Talking about innovation
  • Ben DeGrow with the Independence Institute interviewed board vice president Chris Wright about the initiative. You can listen to the podcast here.

Some pieces of the innovation initiative, including eliminating busing or buying out contracts, have drawn anger. In a Jan. 27 letter to the community, the Falcon board acknowledged it was moving toward “disruptive” change but described it as “inevitable.”

“If not now, when should the district start to curtail six-figure salary positions?” the letter asks.

The Colorado Springs Gazette, in an editorial published Feb. 3, urged a wait-and-see attitude, noting school district budget cuts usually take a disproportionate toll on students and teachers and Falcon’s plan is “turning that paradigm on its head.”
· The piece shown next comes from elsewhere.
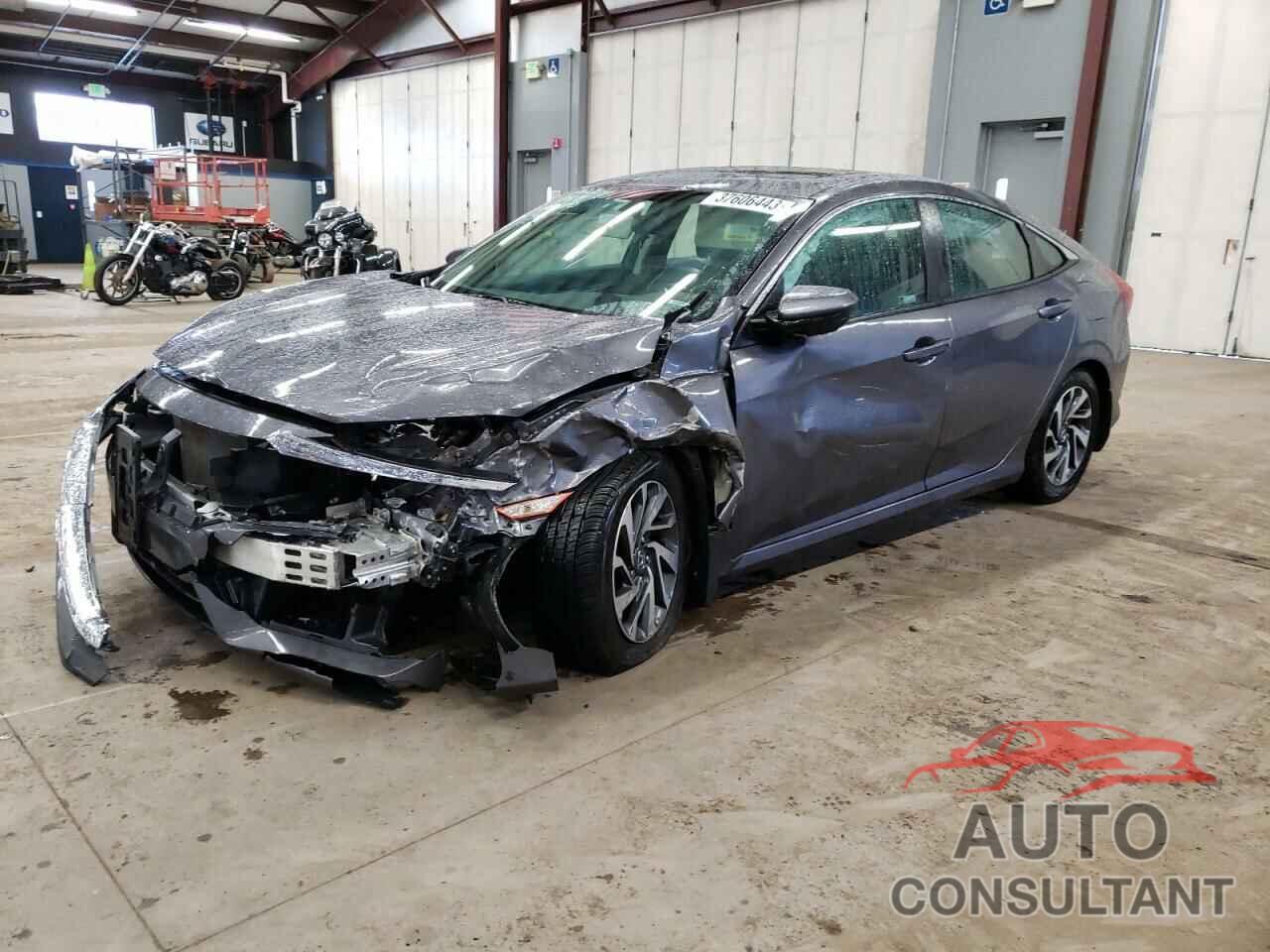 HONDA CIVIC 2018 - 2HGFC2F79JH554279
“If chaos prevails, it will be business as usual for D-49,” the newspaper wrote, referring to its history of conflict between boards and superintendents.

“If the innovation plan results in more emphasis on students, teachers and principals — without causing organizational mayhem — it will become a model for other districts to replicate.”

Impact on schools, classrooms, teachers still vague

Exactly how the initiative will impact schools and classrooms is still being sorted out.

Six community meetings are scheduled this month at the high schools – Falcon, Sand Creek and Vista Ridge – that will head the new innovation zones. By Feb. 24, the timeline calls for the zones to be defined by “geography, population, theme.”

Members of the Falcon Middle School band practiced last week; how the school would be affected by the district's Innovation Initiative is still uncertain.

Members of the Falcon Middle School band practiced last week; how the school would be affected by the district’s Innovation Initiative is still uncertain.

“It’s really important when we put this together that we hit the reset button and bring everyone to the table,” said Vista Ridge Principal Bob Felice, “the community, teachers, administrators and parents.”

Felice and the other innovation leaders are charged with putting together the applications that will go to the state board for approval. Sand Creek Principal Sean Dorsey put together a successful innovation application for Wasson High School in Colorado Springs but these would be the state’s first zone, rather than single school, applications.

“The devil is in the details,” said Dorsey, who moved from Wasson to Sand Creek last fall. “There are no details yet.”

Innovation Schools Act
  • Learn more on the state’s website, including links to the law and info on other innovation schools.
  • Seven Denver schools and one Colorado Springs school have innovation status; Falcon would be the first “zone” to apply.
  • Denver school board members recently approved innovation school guidelines – see why one board member helped craft them.

The Innovation Schools Act is intended to free schools from bureaucratic rules and regulations, through waivers of state law and union contracts. Falcon teachers, however, do not have collective bargaining.

“In a school district without a contract, one of our concerns would be that the employees don’t have a voice,” said Jeanne Beyer, spokeswoman for the Colorado Education Association, which is watching the initiative unfold.

The law requires a school seeking waivers of contract protections to win approval from 60 percent of its teachers, though it’s unclear how that applies to Falcon. The initiative timeline, however, does include a Sept. 1 deadline for “secur(ing) approval of majority of teachers.”

Beyer said the CEA has concerns about which waivers from state law – such as teacher licensing – the district might seek and whether school leaders would have full hiring and firing authority. About 40 percent of Falcon teachers are CEA members.

“We believe the principal should be the education leader, the curriculum leader, the leader of improving quality instruction,” she said, “and that final hiring decisions should basically stay at the central-office level.”

For the new innovation leaders, it’s clear a different model has its appeal. Felice, at Vista Ridge, believes the initiative will result in faster responses to changing student needs.

“We want to narrow the focus and concentrate on the important things in education,” he said. “Innovation zones will allow agile decision-making.”